The new analysis juxtaposes the recent wealth gains of U.S. billionaires--as estimated by Forbes--with the information in the newly obtained IRS data to derive the "true tax rate" paid by the mega-rich.
The results show that Amazon CEO Jeff Bezos--the world's richest man--and Berkshire Hathaway CEO Warren Buffett paid a true tax rate of 0.98% and 0.10%, respectively, between 2014 and 2018. In 2007, ProPublica notes, Bezos paid nothing in federal taxes even as his wealth grew by $3.8 billion.
Economist Gabriel Zucman, a professor at the University of California, Berkeley, said the ProPublica reporting is "full of incredible findings."
"Looks like the biggest tax story of the year, if not the decade," Zucman added.

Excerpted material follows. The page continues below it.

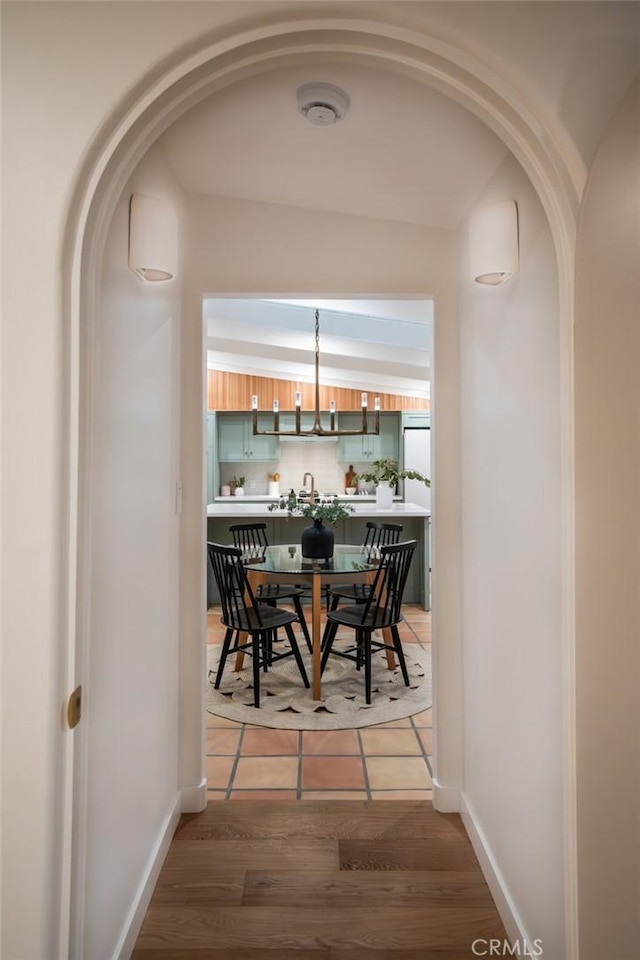 dining space featuring sink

ProPublica makes clear that, far from being the beneficiaries of a sprawling, illegal tax dodging scheme, "it turns out billionaires don't have to evade taxes exotically and illicitly--they can avoid them routinely and legally," a point that spotlights the systemic inequities of the U.S. tax system.
As the outlet explains:
Most Americans have to work to live. When they do, they get paid--and they get taxed. The federal government considers almost every dollar workers earn to be "income," and employers take taxes directly out of their paychecks.
The Bezoses of the world have no need to be paid a salary. Bezos' Amazon wages have long been set at the middle-class level of around $80,000 a year.
For years, there's been something of a competition among elite founder-CEOs to go even lower. Steve Jobs took $1 in salary when he returned to Apple in the 1990s. Facebook's Zuckerberg, Oracle's Larry Ellison, and Google's Larry Page have all done the same.
Yet this is not the self-effacing gesture it appears to be: Wages are taxed at a high rate. The top 25 wealthiest Americans reported $158 million in wages in 2018, according to the IRS data. That's a mere 1.1% of what they listed on their tax forms as their total reported income. The rest mostly came from dividends and the sale of stock, bonds, or other investments, which are taxed at lower rates than wages.
To illustrate the consequences of a system that doesn't tax unrealized capital gains, ProPublica cites the example of Bezos' $127 billion explosion in wealth between 2006 and 2018. The Amazon CEO "reported a total of $6.5 billion in income" during that period and paid just $1.4 billion in personal federal taxes despite the $127 billion wealth jump--a 1.1% true tax rate.
"America's billionaires avail themselves of tax-avoidance strategies beyond the reach of ordinary people," ProPublica notes. "Their wealth derives from the skyrocketing value of their assets, like stock and property. Those gains are not defined by U.S. laws as taxable income unless and until the billionaires sell."
Richard Tofel, ProPublica's founding general manager and outgoing president, said Tuesday that he considers the tax analysis "the most important story we have ever published."
"In the coming months, we plan to use this material to explore how the nation's wealthiest people--roughly the .001%--exploit the structure of our tax code to avoid the tax burdens borne by ordinary citizens," Tofel and ProPublica editor-in-chief Stephen Engelberg wrote in a separate article Tuesday. "Many will ask about the ethics of publishing such private data. We are doing so--quite selectively and carefully--because we believe it serves the public interest in fundamental ways, allowing readers to see patterns that were until now hidden."